Interesting story on subverting democracy.
How times change!
Back in 2004 there was a scandal because LabourParty minister David Blunkett bent some rules for his lover's nanny.
Conflict between different notions of behaviour. The UK government is (allegedly) impersonal. No room for favours for friends from community even if you've spent a life-time together. In other cultures such loyalty to community is not merely accepted but expected as being good.
- http://news.bbc.co.uk/2/hi/africa/4101439.stm (read comments)
I wonder how much the "impersonality" style is related to "alienation" in the market. Does an impersonal market also breed propriety? After all it's traditional cultures without long traditions of markets where nepotism is an important principle of economic distribution. This is also a real problem for discussions of GiftCulture. Most traditional GiftEconomies are actually based on allocation of goods according to traditional roles and rights. Doesn't this look a lot like nepotism when put in charge of a complex civil machine like government?
Of course, could be a lot of Western hypocrisy too. Doesn't this go on in heart of Western capitalism? (the axis of Enron)
Three Quarks on Theroux and Sachs : http://3quarksdaily.blogs.com/3quarksdaily/2006/01/mondaymusingi.html
Quora Answer : What are the definitions of and distinctions between lobbying, political campaign contributions (donations), and bribery?
The problem is that it's easy to see when money has been paid (ie. bribery), but hard to see where perks have been implicitly promised (corrupt lobbying) or where continued exposure to one point of view eloquently put unduly influences decision makers.

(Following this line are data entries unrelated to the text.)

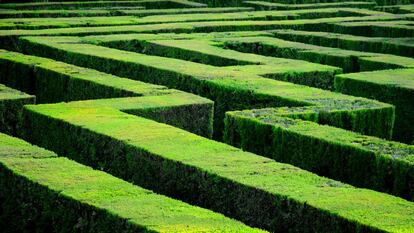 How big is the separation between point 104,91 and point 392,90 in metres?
3.85

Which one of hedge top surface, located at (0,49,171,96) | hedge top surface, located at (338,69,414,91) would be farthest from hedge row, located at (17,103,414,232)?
hedge top surface, located at (338,69,414,91)

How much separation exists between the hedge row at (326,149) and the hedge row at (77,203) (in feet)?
8.03

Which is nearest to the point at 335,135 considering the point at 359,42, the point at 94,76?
the point at 94,76

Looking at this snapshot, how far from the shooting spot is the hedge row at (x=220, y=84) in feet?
38.8

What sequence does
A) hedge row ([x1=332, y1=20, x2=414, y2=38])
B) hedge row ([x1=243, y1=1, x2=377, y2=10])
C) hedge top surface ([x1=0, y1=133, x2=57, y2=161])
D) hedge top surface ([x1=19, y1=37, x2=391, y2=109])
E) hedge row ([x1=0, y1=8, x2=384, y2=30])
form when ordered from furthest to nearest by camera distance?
hedge row ([x1=243, y1=1, x2=377, y2=10]) → hedge row ([x1=0, y1=8, x2=384, y2=30]) → hedge row ([x1=332, y1=20, x2=414, y2=38]) → hedge top surface ([x1=19, y1=37, x2=391, y2=109]) → hedge top surface ([x1=0, y1=133, x2=57, y2=161])

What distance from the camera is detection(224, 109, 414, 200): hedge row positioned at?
923cm

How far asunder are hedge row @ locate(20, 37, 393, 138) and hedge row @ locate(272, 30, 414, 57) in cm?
354

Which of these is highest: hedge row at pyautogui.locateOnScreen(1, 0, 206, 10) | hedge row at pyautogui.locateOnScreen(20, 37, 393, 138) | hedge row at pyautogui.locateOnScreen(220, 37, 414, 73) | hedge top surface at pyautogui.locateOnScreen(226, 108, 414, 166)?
hedge top surface at pyautogui.locateOnScreen(226, 108, 414, 166)

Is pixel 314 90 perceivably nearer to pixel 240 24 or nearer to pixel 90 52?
pixel 90 52

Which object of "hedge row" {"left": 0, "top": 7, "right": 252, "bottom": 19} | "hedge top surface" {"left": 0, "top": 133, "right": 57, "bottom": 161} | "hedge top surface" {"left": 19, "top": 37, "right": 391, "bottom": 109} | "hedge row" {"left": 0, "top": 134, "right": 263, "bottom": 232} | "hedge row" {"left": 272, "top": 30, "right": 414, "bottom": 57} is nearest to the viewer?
"hedge row" {"left": 0, "top": 134, "right": 263, "bottom": 232}

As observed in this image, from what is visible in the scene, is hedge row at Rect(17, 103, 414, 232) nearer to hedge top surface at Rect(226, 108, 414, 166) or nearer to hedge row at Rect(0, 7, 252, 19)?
hedge top surface at Rect(226, 108, 414, 166)

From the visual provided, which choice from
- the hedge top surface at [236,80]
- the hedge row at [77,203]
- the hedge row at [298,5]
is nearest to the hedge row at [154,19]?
the hedge row at [298,5]

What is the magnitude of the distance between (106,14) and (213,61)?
29.3 ft

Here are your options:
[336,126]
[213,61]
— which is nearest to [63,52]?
[213,61] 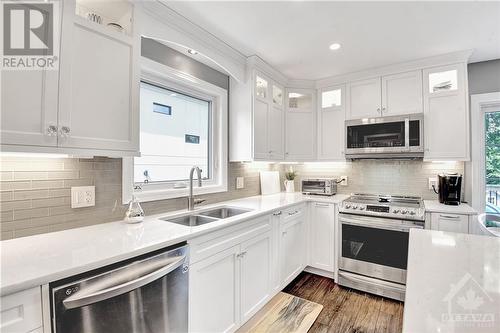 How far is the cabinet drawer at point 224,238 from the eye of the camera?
1.49m

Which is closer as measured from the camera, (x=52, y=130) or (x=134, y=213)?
(x=52, y=130)

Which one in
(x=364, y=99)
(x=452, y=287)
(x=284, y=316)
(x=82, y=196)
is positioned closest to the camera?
(x=452, y=287)

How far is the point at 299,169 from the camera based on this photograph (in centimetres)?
371

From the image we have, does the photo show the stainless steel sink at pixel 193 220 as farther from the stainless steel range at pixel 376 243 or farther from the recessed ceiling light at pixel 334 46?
the recessed ceiling light at pixel 334 46

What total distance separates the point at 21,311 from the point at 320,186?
9.52ft

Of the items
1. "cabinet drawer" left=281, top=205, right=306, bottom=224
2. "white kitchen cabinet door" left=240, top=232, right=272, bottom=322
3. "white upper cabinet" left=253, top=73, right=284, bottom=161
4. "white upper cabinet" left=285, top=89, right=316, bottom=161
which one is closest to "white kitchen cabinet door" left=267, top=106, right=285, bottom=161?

I think lobbying is a BIG problem. Stand back and squint to get a general impression and those fuzzy lines form an obvious pattern. But it's not necessarily the case that you can pinpoint the problem by looking up-close. Which is what you need to do to make a concrete law about it.
tl;dr : It's legal because we don't have a way to formalize the concept rigorously enough to make a law against it.